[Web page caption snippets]
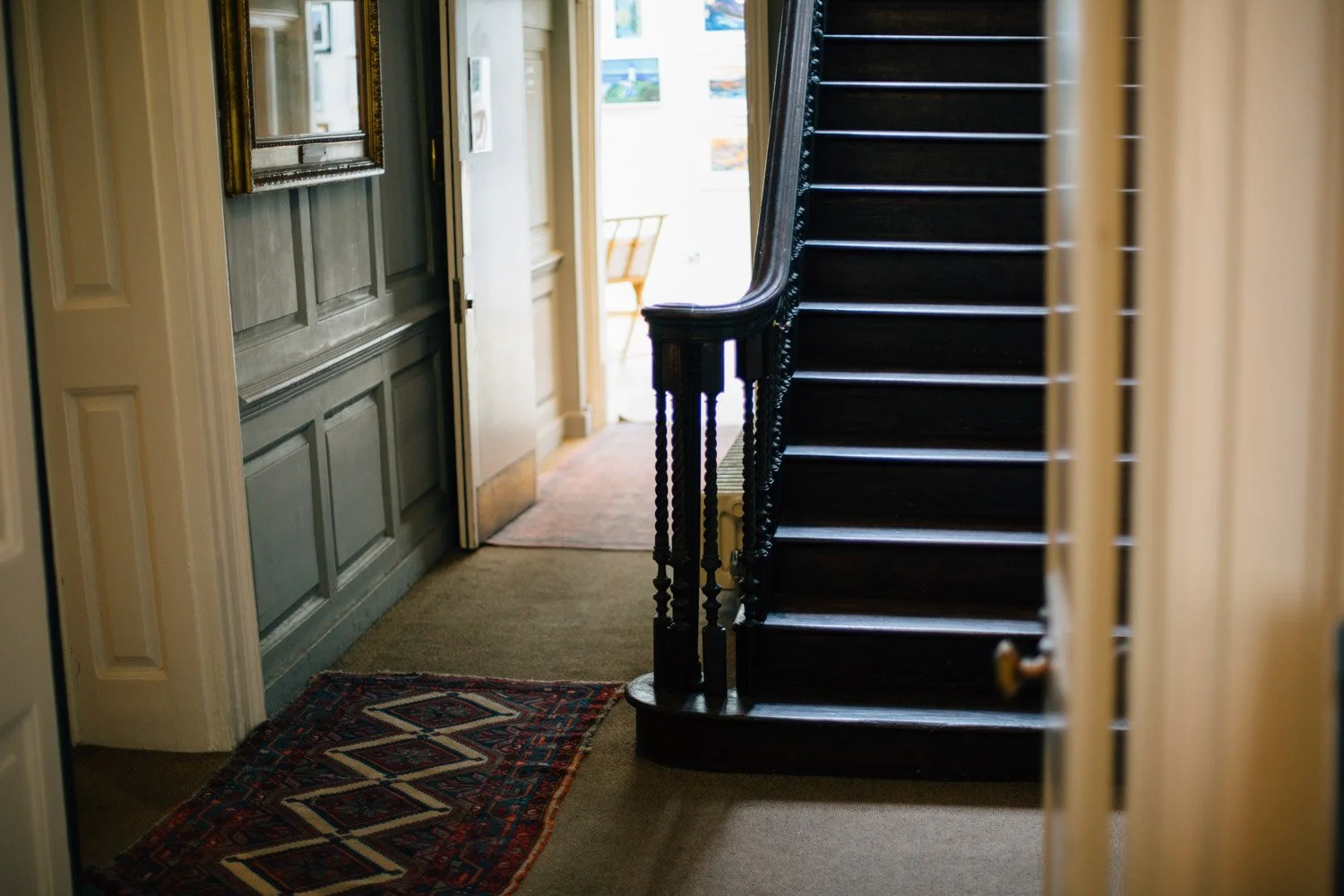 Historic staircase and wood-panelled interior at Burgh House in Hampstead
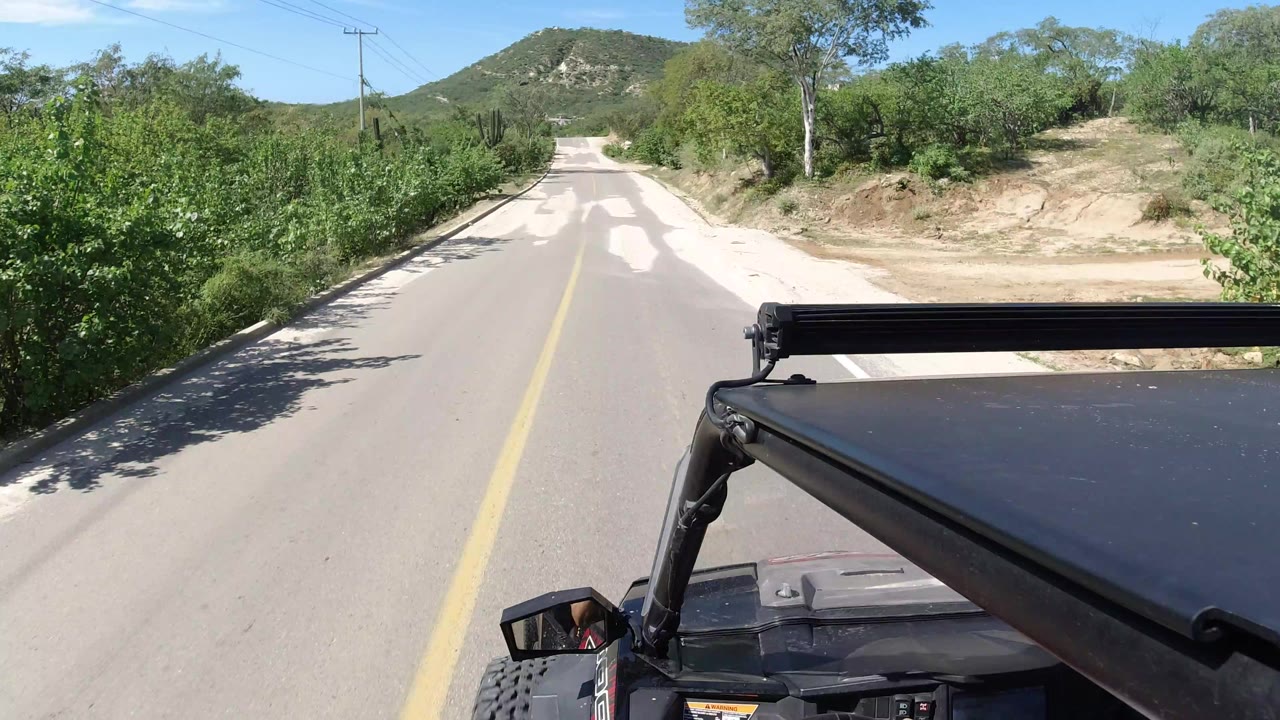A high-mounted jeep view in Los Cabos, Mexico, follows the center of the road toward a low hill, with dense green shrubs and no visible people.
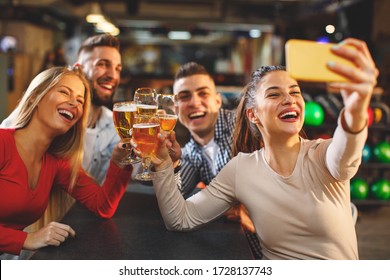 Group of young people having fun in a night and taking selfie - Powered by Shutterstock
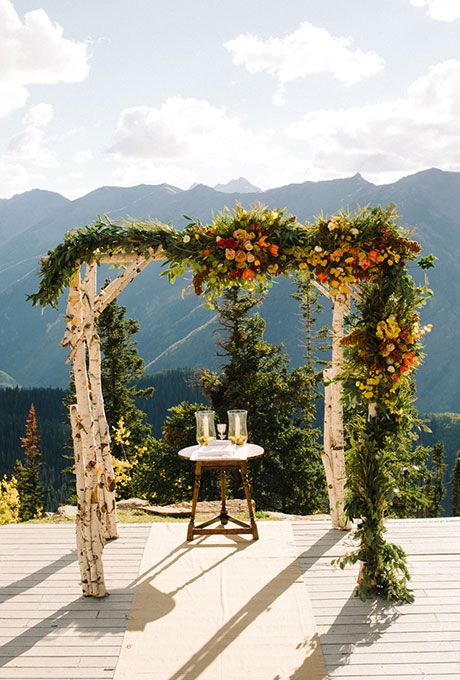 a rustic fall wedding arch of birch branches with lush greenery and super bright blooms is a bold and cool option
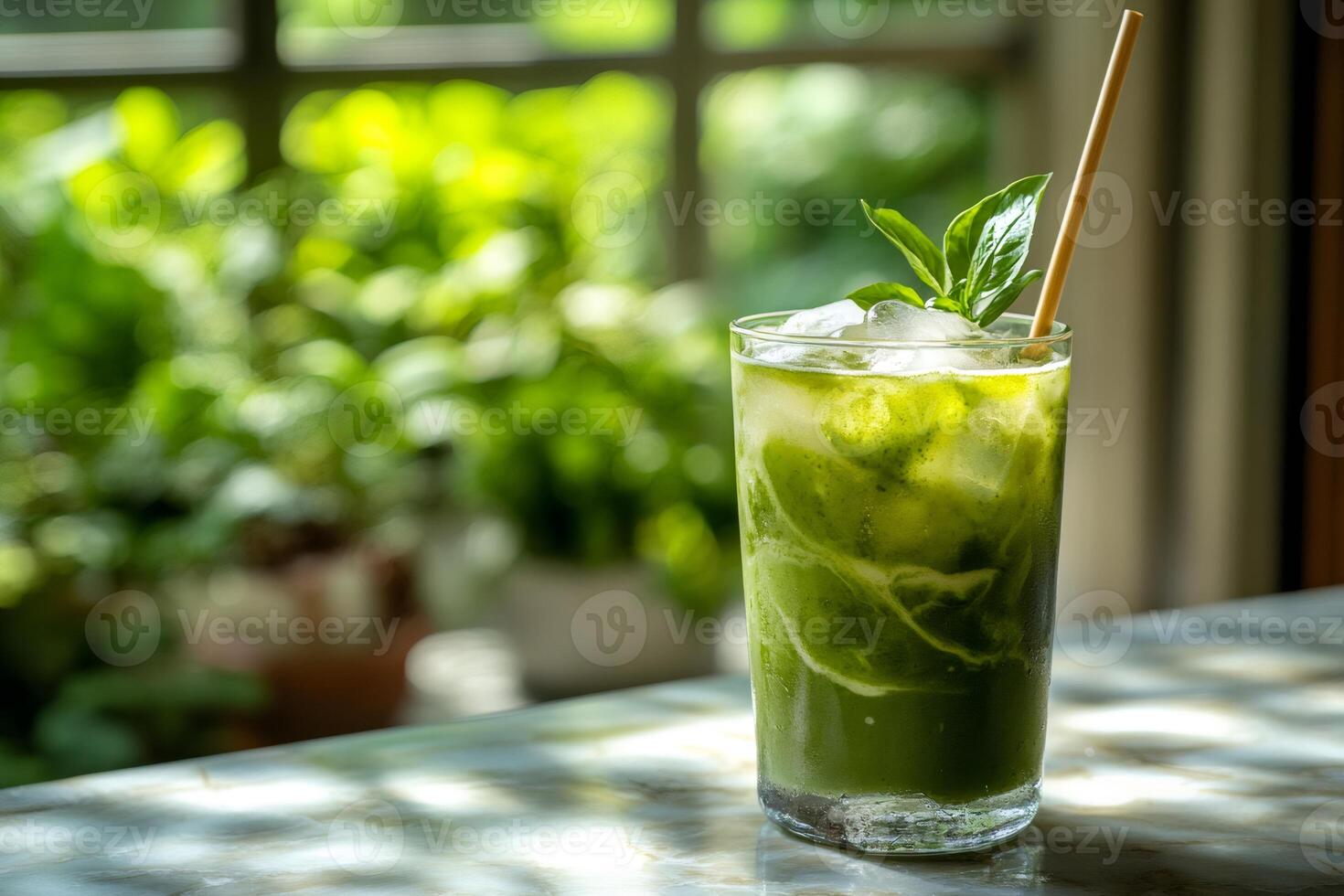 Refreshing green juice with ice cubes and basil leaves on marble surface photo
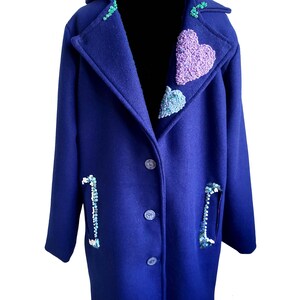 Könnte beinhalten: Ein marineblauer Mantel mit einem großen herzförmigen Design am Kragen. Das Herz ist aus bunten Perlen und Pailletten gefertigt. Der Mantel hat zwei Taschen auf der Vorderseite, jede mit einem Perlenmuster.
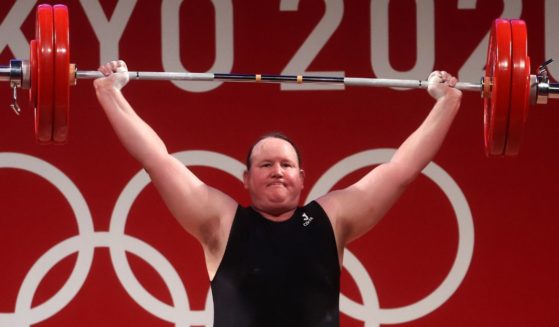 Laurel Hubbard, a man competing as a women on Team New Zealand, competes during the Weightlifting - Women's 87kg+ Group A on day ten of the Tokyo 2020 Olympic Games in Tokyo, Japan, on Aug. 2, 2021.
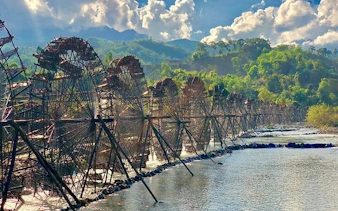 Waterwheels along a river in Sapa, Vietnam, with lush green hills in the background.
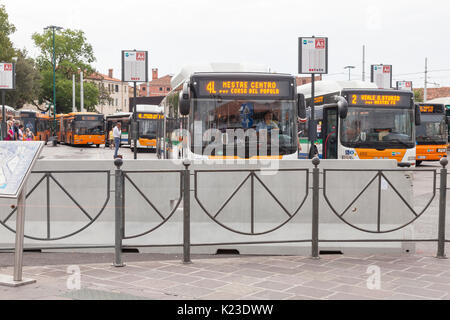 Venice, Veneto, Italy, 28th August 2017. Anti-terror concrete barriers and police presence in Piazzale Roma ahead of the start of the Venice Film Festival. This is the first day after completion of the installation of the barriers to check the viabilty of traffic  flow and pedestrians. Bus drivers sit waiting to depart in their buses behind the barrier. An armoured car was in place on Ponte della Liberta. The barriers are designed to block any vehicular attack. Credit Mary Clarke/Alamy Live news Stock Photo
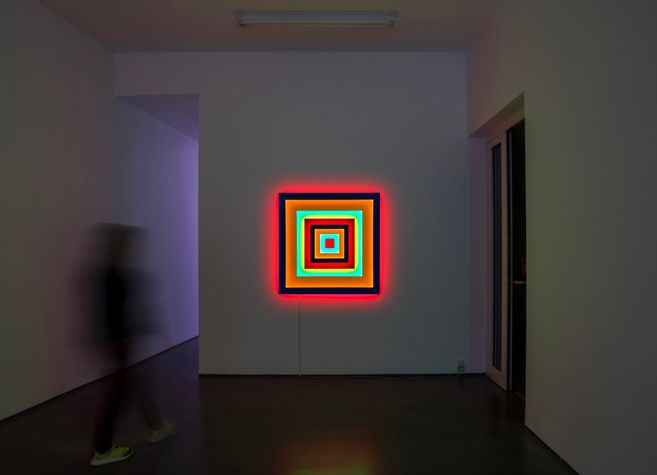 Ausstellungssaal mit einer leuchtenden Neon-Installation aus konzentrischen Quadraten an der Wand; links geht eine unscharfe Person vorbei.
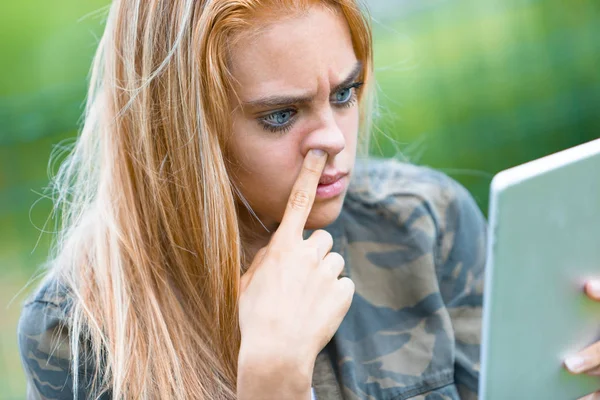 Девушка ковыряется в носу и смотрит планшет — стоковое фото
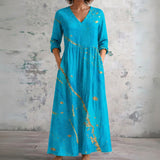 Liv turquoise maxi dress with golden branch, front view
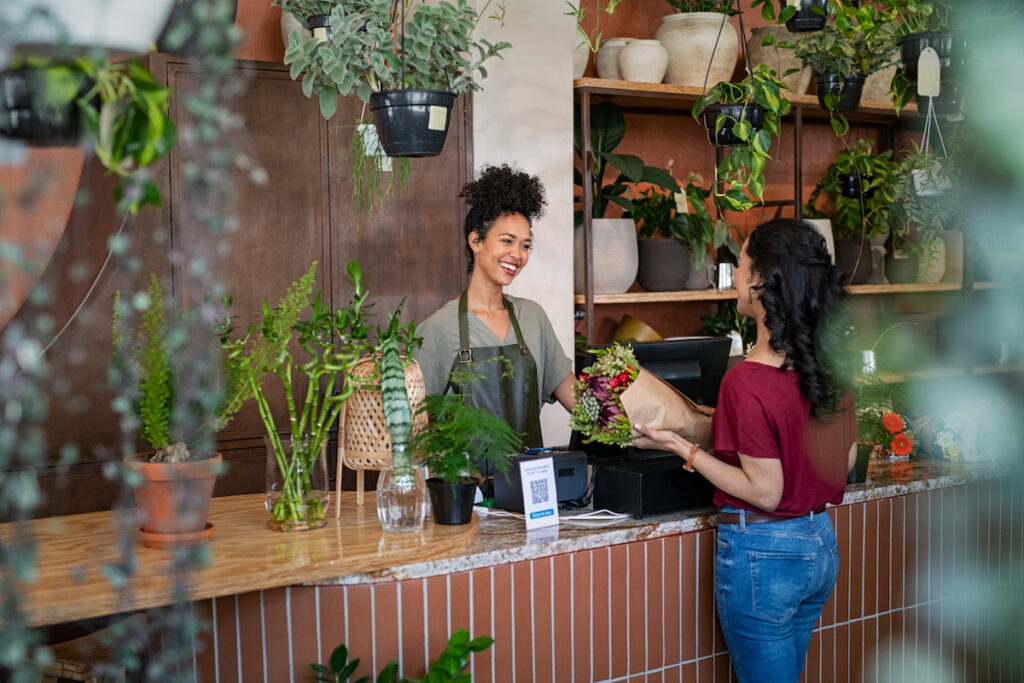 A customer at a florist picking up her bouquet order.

Aim of the task: The first line of the entries, the line containing "Refreshing green juice", and every line between them are to be output exactly; pictures are not.

Answer area:
 Historic staircase and wood-panelled interior at Burgh House in Hampstead
A high-mounted jeep view in Los Cabos, Mexico, follows the center of the road toward a low hill, with dense green shrubs and no visible people.
 Group of young people having fun in a night and taking selfie - Powered by Shutterstock
 a rustic fall wedding arch of birch branches with lush greenery and super bright blooms is a bold and cool option
 Refreshing green juice with ice cubes and basil leaves on marble surface photo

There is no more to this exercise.